10. Manage Skip Levels Personally
Executive relationships benefit from personal connection as much as professional updates. Building rapport with senior leaders creates goodwill that facilitates organizational change.
The Hidden Dimension: Your Career
Beyond the three levels of impact lies a fourth dimension: yourself and your career. Ghisi learned that at senior levels, impact and influence aren't enough—relationships and goodwill are crucial.
Key career insights include:
- The 10-30-50 Rule: Be top 10% in something, top 30% in others, and never below top 50% in any critical skill
- Set Clear Expectations: Tie goals to specific outcomes and ratings, then stay calibrated monthly
- Be a Driving Bar Raiser: Move beyond implementing and solving to finding problems and driving organizational change
Conclusion: The Path to Sustainable Scaling
Great leadership distills complexity, establishes cadence, and drives accountable execution. It's about sharing vision, being vision, and driving vision. Ultimately, it's about organizational resilience—the ability to function smoothly even when leaders are absent.

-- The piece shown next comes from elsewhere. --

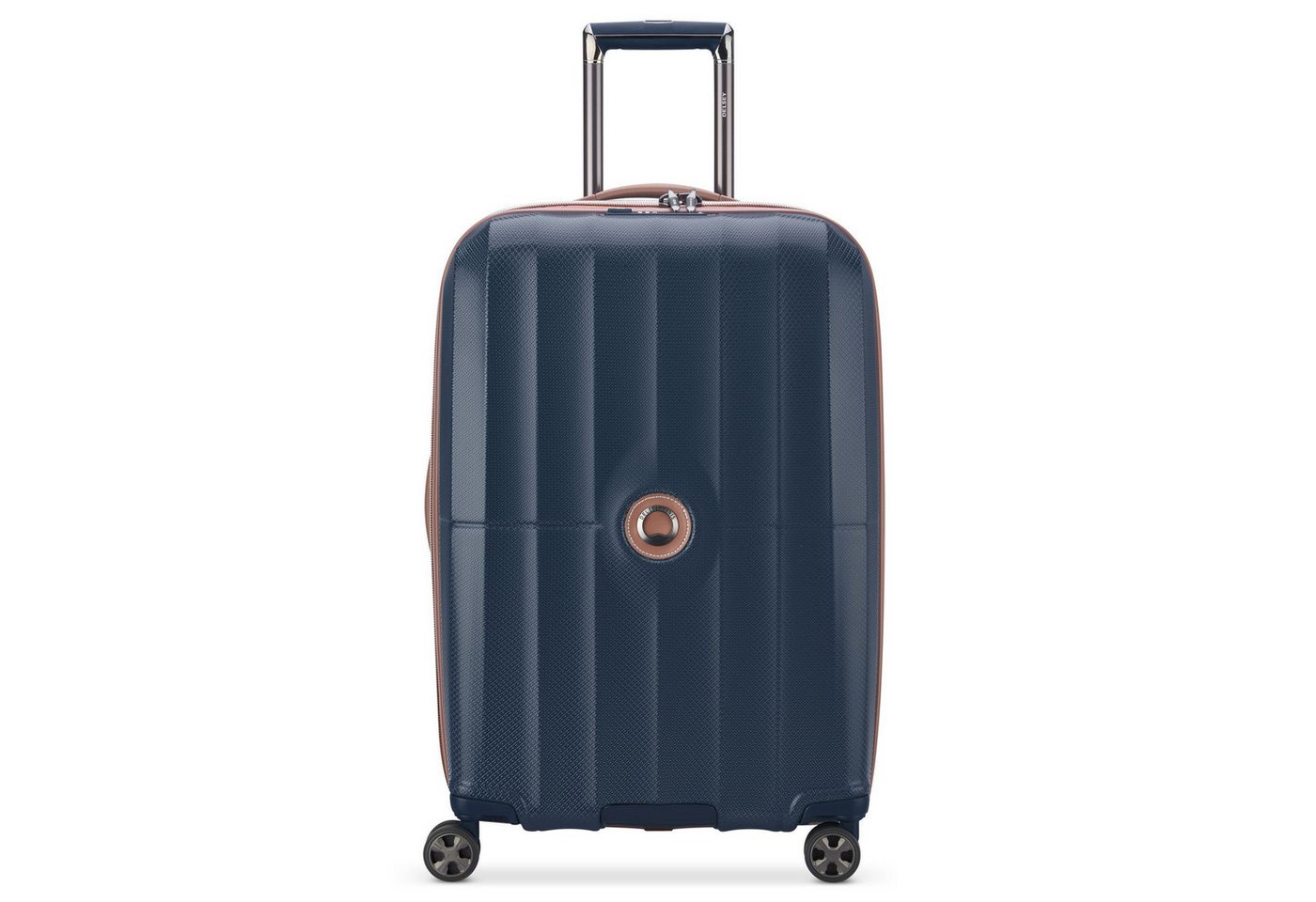 Delsey Paris Hartschalen-Trolley Carrousel, 4 Rollen, Polycarbonat Delsey Paris Hartschalen-Trolley Carrousel, 4 Rollen, Polycarbonat von Delsey Paris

Ghisi's journey from 30 to 100+ engineers wasn't about overnight transformation. It was about consistent application of frameworks, learning from failures, and building organizational infrastructure that could scale sustainably.
The most powerful insight? Reorganizations aren't bugs to be avoided—they're features to be embraced as continuous optimization tools. When done iteratively and transparently, they become the mechanism by which organizations evolve rather than the trauma they fear.
For engineering leaders facing growth challenges, the path forward is clear: establish operational cadence, build leadership infrastructure, cultivate culture, embrace continuous reorganization, and always keep the three levels of impact framework in mind. The journey is long, but with the right approach, scaling to 100+ engineers becomes not just possible, but sustainable.